When you reach the line that contains "Windmolens bij zonsondergang, Kinderdijk, Nederlan", please begin copying, and carry on exactly to the last line of the material, leaving out every picture.

=== Data shown ===
Start of Block
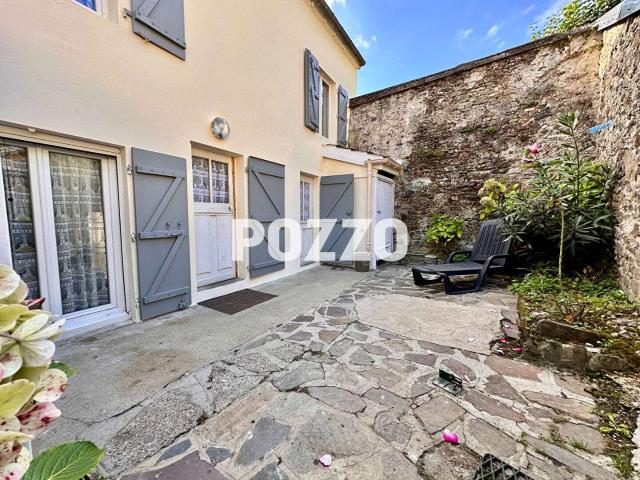 Vente maison 6 pièces Saint Jean le Thomas 50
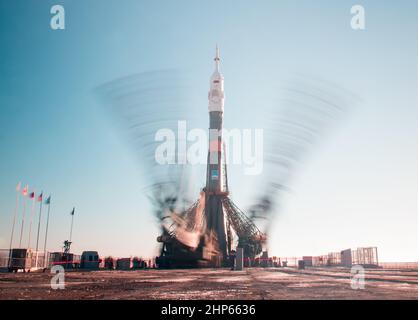 Les bras du statif sont levés en position pour fixer la fusée d'appoint Soyouz et l'engin spatial MS-11 sur le plateau de lancement, comme on l'a vu dans cette longue exposition, le samedi 1 décembre 2018 au cosmodrome de Baïkonour, au Kazakhstan. Banque D'Images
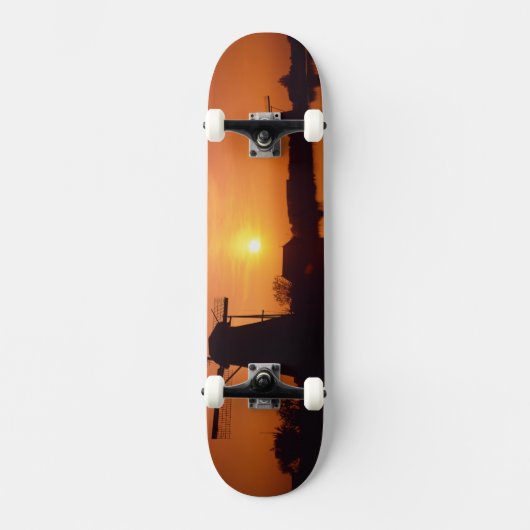 Windmolens bij zonsondergang, Kinderdijk, Nederlan Skateboard (Voorkant)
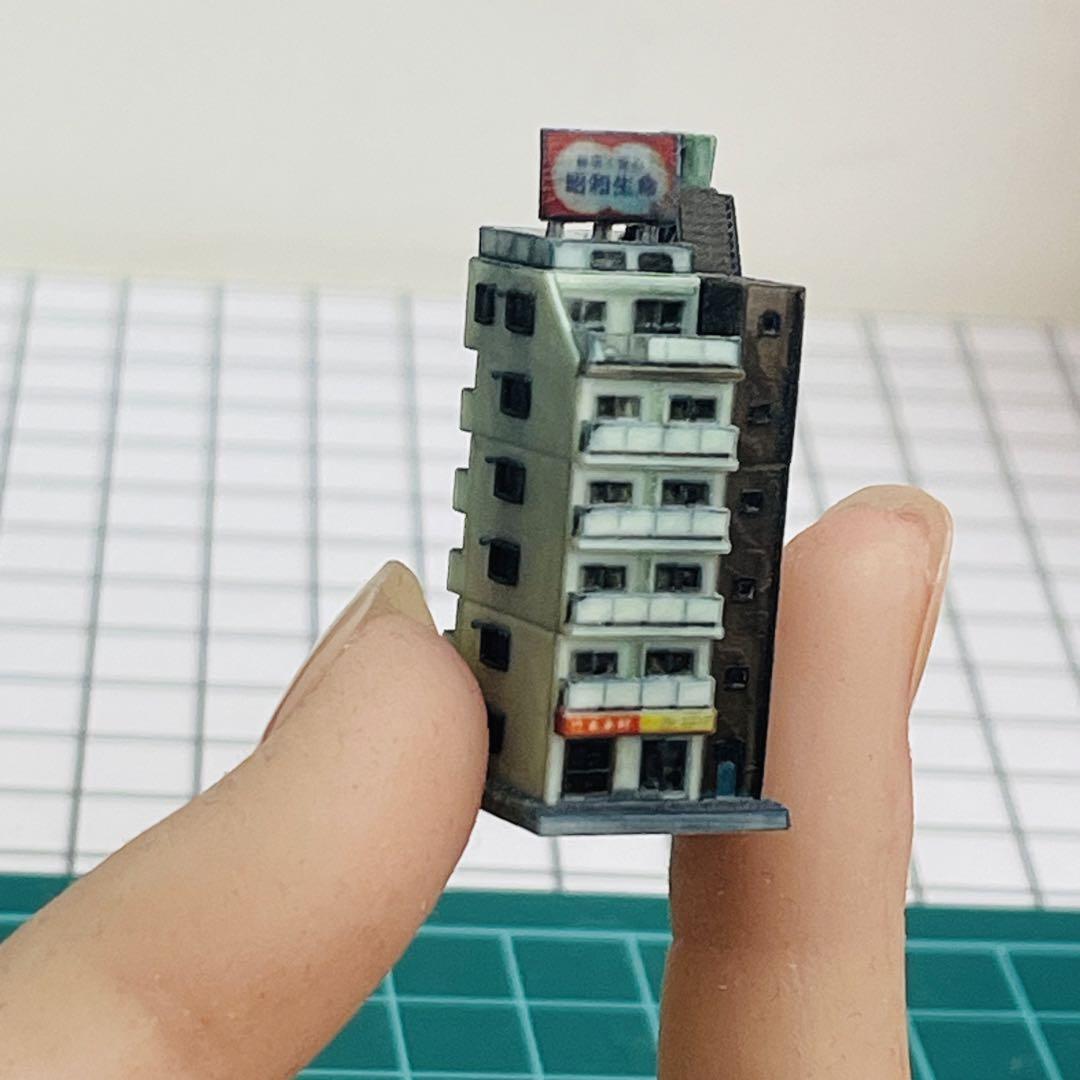 ミニチュア　ビル　ジオラマに　フィギュアに　1/64より小　住宅模型　ミニチュアイメージ　Nゲージより小　　建築模型_画像2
End of Block
=== Output ===
 Windmolens bij zonsondergang, Kinderdijk, Nederlan Skateboard (Voorkant)
 ミニチュア　ビル　ジオラマに　フィギュアに　1/64より小　住宅模型　ミニチュアイメージ　Nゲージより小　　建築模型_画像2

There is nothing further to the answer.